EXERCISE INSTRUCTIONS:
When you find the word "bleu" in a line of the entries, please copy the whole line.
--- INFORMATION GIVEN Enclosed Below ---
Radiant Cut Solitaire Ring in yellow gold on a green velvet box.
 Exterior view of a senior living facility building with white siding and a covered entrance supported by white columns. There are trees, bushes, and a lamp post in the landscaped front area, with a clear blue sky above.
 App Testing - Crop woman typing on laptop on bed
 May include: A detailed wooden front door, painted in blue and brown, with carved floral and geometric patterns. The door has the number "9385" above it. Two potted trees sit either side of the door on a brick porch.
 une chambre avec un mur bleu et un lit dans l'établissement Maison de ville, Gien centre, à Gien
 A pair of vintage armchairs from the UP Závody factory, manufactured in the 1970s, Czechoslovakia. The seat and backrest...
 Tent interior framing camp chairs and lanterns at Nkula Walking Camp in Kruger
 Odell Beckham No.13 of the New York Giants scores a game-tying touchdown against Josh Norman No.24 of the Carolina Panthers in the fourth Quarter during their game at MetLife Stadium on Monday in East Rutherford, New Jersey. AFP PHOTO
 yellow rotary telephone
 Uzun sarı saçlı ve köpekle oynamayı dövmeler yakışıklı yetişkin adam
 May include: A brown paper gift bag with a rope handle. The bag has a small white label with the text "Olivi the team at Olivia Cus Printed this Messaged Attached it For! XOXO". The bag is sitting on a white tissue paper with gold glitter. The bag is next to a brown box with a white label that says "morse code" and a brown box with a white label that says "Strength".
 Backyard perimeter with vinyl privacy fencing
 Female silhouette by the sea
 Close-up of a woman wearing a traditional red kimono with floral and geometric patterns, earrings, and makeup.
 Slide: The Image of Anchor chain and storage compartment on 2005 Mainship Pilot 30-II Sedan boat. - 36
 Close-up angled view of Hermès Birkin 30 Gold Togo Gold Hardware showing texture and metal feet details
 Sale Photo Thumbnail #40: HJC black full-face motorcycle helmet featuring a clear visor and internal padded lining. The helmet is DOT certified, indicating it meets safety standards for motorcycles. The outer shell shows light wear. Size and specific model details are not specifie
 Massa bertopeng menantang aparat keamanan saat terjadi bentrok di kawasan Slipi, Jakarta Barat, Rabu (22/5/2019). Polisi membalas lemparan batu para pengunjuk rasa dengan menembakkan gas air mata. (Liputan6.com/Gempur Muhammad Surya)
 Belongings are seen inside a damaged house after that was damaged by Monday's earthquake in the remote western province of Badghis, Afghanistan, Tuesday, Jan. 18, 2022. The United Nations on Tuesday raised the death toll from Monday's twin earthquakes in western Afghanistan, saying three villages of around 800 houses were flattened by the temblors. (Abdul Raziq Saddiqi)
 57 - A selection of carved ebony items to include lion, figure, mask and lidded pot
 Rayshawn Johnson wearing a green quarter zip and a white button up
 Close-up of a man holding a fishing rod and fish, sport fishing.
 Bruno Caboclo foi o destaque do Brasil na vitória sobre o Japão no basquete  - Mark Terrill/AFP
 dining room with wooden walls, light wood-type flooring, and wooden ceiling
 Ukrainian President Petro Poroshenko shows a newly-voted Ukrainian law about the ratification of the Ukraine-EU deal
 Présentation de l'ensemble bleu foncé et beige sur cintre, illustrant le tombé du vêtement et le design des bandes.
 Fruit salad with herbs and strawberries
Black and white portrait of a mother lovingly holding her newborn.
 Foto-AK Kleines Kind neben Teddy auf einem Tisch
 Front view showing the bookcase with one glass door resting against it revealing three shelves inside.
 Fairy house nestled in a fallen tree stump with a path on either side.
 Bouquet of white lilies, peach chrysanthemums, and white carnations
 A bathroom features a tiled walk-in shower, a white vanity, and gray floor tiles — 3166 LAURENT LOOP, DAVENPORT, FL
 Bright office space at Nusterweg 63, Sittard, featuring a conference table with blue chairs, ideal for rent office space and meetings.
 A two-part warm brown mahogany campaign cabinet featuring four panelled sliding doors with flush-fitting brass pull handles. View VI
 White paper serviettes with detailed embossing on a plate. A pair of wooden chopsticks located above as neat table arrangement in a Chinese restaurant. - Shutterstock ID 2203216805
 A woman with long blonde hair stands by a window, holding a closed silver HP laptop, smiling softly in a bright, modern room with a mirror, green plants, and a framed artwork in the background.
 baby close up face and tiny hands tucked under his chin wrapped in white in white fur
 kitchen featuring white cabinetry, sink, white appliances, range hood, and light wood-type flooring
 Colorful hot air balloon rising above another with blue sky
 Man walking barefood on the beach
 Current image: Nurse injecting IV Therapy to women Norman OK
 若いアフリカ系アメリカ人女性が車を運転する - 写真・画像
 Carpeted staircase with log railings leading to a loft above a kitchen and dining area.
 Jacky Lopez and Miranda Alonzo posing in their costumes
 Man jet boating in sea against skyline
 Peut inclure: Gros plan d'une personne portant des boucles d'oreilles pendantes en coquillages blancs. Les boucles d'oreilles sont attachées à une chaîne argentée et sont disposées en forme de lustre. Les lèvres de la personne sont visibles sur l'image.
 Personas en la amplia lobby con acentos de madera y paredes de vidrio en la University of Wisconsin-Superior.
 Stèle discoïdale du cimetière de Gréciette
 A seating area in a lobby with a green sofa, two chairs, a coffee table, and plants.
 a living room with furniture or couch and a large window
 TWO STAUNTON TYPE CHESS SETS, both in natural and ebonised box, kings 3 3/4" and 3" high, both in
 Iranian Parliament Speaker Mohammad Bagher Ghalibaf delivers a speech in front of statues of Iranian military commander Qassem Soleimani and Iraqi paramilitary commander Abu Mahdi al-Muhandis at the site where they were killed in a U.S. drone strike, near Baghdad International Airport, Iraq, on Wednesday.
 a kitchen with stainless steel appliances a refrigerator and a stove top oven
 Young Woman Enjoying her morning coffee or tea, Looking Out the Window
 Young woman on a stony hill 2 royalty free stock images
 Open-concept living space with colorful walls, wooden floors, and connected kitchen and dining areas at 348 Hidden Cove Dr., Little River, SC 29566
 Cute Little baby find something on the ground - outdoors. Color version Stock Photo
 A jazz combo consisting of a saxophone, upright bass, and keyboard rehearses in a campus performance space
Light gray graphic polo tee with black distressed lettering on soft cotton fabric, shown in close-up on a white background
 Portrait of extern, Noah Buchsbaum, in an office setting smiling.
--- End of Enclosed INFORMATION GIVEN ---
ANSWER TO THE PROBLEM:
 une chambre avec un mur bleu et un lit dans l'établissement Maison de ville, Gien centre, à Gien
 Présentation de l'ensemble bleu foncé et beige sur cintre, illustrant le tombé du vêtement et le design des bandes.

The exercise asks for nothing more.